GELORA.CO -Forum Masyarakat Peduli Parlemen Indonesia (Formappi) menduga ada agenda terselubung di balik proses revisi UU 15/2006 tentang Badan Pemeriksa Keuangan (BPK).
Peneliti Formappi, Lucius Karus menduga revisi dilakukan untuk mengubah ketentuan soal masa jabatan Ketua BPK, Agung Firman Sampurna yang masa jabatannya akan berakhir tahun 2022 dan telah menjabat dua kali.
Selain Agung Firman Sampurna, kata Lucius, ada anggota BPK yakni Isma Yatun yang akan mengakhiri masa jabatan pada tahun yang sama.
Surat pemberitahuan akan berakhirnya masa jabatan Ketua BPK dan anggota BPK sudah masuk di DPR RI pada 18 Oktober 2021 dengan No: 159A/S/I/10/2021. Tetapi, sampai muncul rencana proses revisi UU BPK, surat tersebut belum jelas tindak lanjutnya
"Ini benar-benar sebuah mimpi buruk jika revisi UU BPK dilakukan cepat sementara tindak lanjut surat pemberhentian Agung Firman Sampurna dan Isma Yatun tidak diproses cepat," ujar Lucius Karus kepada wartawan, Senin (15/11).
Selain perpanjangan masa jabatan Agung Firman Sampurno sampai 2024, dibeberkan Lucius, revisi UU BPK juga menambah kewenangan BPK melakukan penyidikan.
Menurutnya, DPR RI sebaiknya segera menindaklanjuti surat pemberhentian dengan hormat dua anggota BPK yang berkahir masa jabatannya. Hal ini, lebih substansial dibandingkan membahas revisi UU BPK.
"Jika tindak lanjut surat itu tidak segera dipastikan dan di saat yang bersamaan ada upaya untuk melakukan revisi UU BPK secara cepat, maka itu akan mengonfirmasi bahwa revisi UU BPK yang direncanakan mendadak memang dibuat untuk kepentingan perubahan ketentuan soal lamanya masa jabatan anggota BPK," katanya.

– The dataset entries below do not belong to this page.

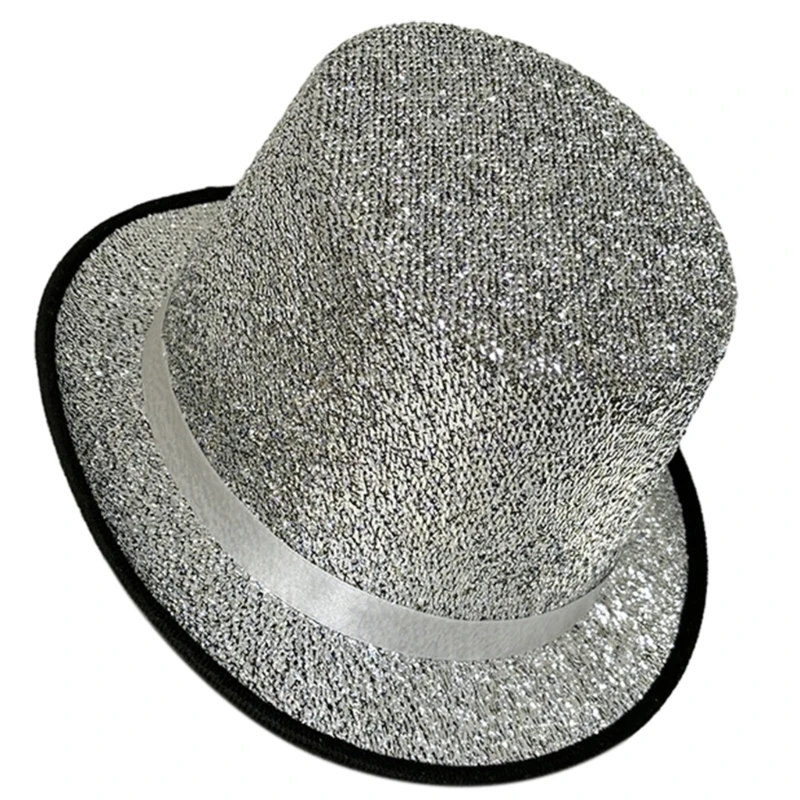 Blingbling Fedora Glitter Magician Hat Victorian Age Women Men Photo Props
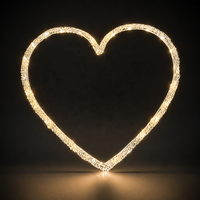Lampe LED en acrylique en forme de cœur à suspendre, motif silhouette blanc chaud pour décoration murale, rideaux, mariages, fête des Mères et autres fêtes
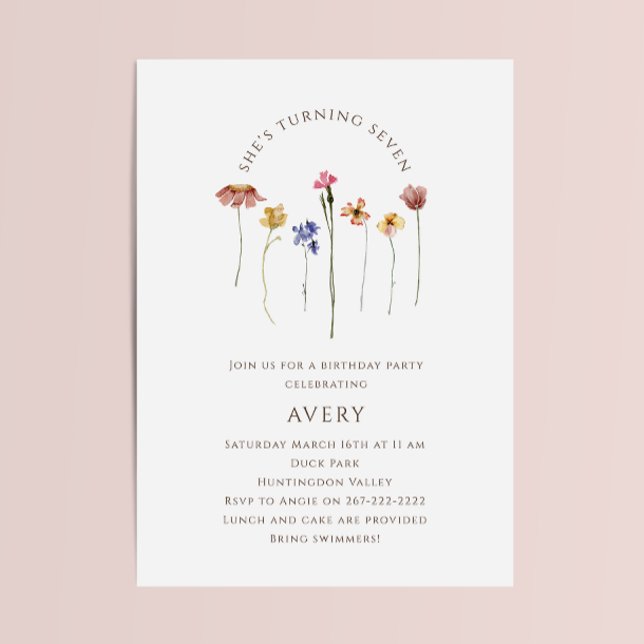 Invitation Fleur sauvage coloré Septième fête d'anniversaire (Créateur téléchargé)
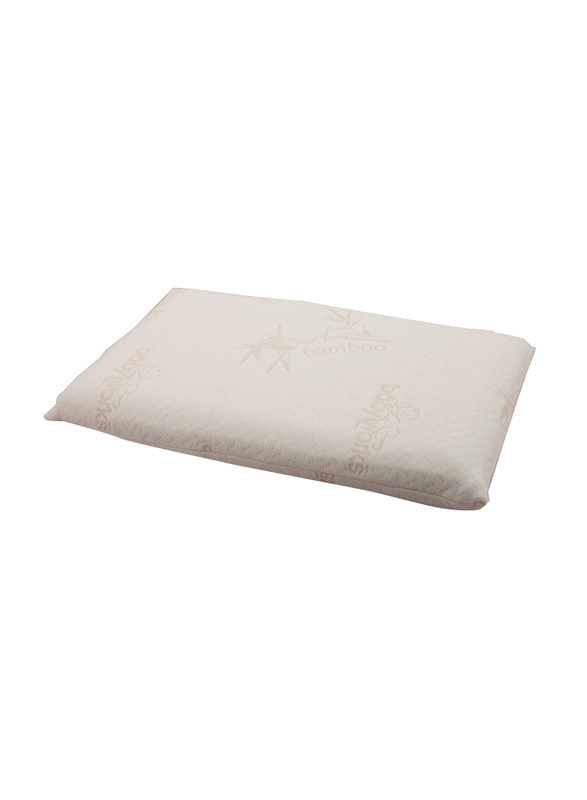 Babyworks Toddler Pillow, with Removable Bamboo Pillowcase, White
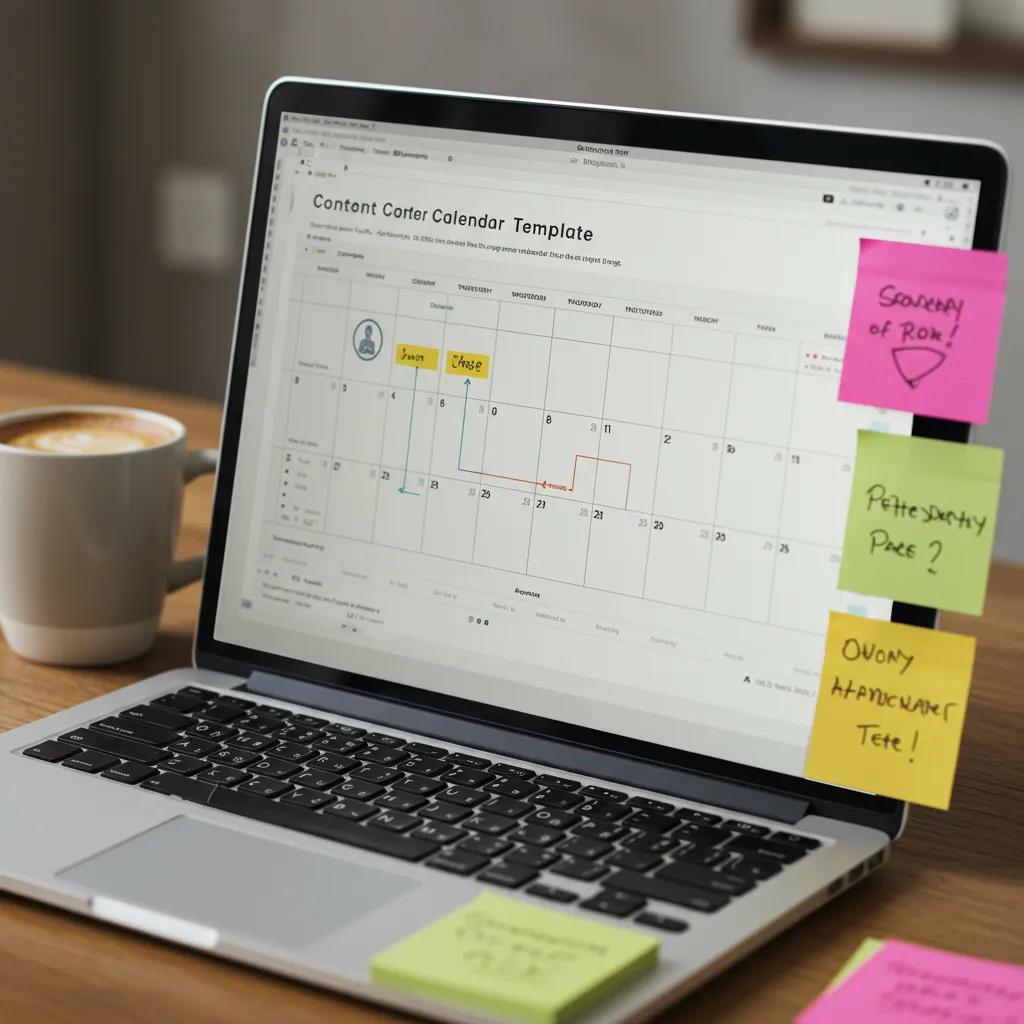 Close-up of a laptop displaying a content calendar template, surrounded by sticky notes and a coffee cup, illustrating effective content planning for healthcare marketing.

"Suratnya itu kan sudah masuk di DPR RI maka harus prioritaskan tahapan pemilihan anggota BPK terlebih dahulu, agar tidak ada kecurigaan publik jika ngotot revisi UU BPK. Selain itu menurut aturan surat dari BPK harus ditindak lanjuti dulu," katanya.
Jika kecurigaan di atas benar adanya, masih kata Lucius, maka revisi UU BPK yang akan dilakukan dapat merusak kredibilitas BPK dan menjadi bukti bahwa aturan bisa dibuat untuk mengakomodir hasrat tertentu.
"Sulit membayangkan bagaimana sebuah UU diutak-atik hanya untuk menyalurkan nafsu dan kepentingan kelompok dan orang-orang tertentu saja," tegasnya. (RMOL)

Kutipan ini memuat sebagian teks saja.